I listened to the final episode of Serial last night, on a plane back home from a vacation. When it was over, my boyfriend, who was also listening to the episode, asked me what I’d thought about it.
“It was…OK,” I said. “To be honest, I don’t feel like I’ve learned anything new about the case.”
“What about that there was another serial killer targeting Asian women in the Baltimore area?” he asked. “That seems pretty huge.”
“Saw that on Reddit,” I said.
“What about Adnan’s alibi from his mosque youth leader, that he was at the mosque the night of the murder?” he said.
“Oh, yeah, saw that on Reddit,” I said. “That dude’s name is Bilal. He’s huge on Reddit. He’s like Rush in Brazil.”
We went on like this for some time, until a lady a few rows ahead of us came to our seats. “Are you guys talking about Serial?” she asked.
“Yeah,” I said. “I was just saying I’d heard about this serial killer guy a few weeks ago on Reddit.”
“Oh, I didn’t see it on Reddit,” she said. “But I did hear about him on Slate.”
This woman and myself were both Serial devotees, the types of hardcore fans you’ve tried to avoid at parties for fear of getting roped into a discussion about the Nisha Call, or forced to listen to an impression of the Italian “Use-a MailChimp” guy. But for us hardcore Serial fans, who’ve spent hours blearily scrolling through r/Serialpodcast and listening to podcasts about the podcast and getting into GChat arguments with work colleagues about the Innocence Project lady, the Serial finale was hugely disappointing. Not because it failed to reach any resolution about the case, as many fans featured, because even worse, it was just boring. Thanks to Reddit, it was all old news.

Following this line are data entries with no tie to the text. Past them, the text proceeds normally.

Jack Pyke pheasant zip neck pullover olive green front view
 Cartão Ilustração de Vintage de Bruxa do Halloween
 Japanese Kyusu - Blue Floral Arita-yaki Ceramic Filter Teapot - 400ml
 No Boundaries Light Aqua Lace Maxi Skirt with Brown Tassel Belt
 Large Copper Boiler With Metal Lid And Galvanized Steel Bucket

A lot of Serial purists who’ve avoided spoilers and late-night “Jen Pusateri” Google searches like the plague would say this is our own fault—that our endless quest for more knowledge about the case, rather than relying solely on Sarah Koenig’s reporting, ultimately ruined the Serial listening experience. But I disagree. I don’t think learning more about Serial from the vantage point of sources other than Serial itself reflects poorly on the patience of Serial fans. I think it reflects poorly on Serial, and on the current state of journalism in general.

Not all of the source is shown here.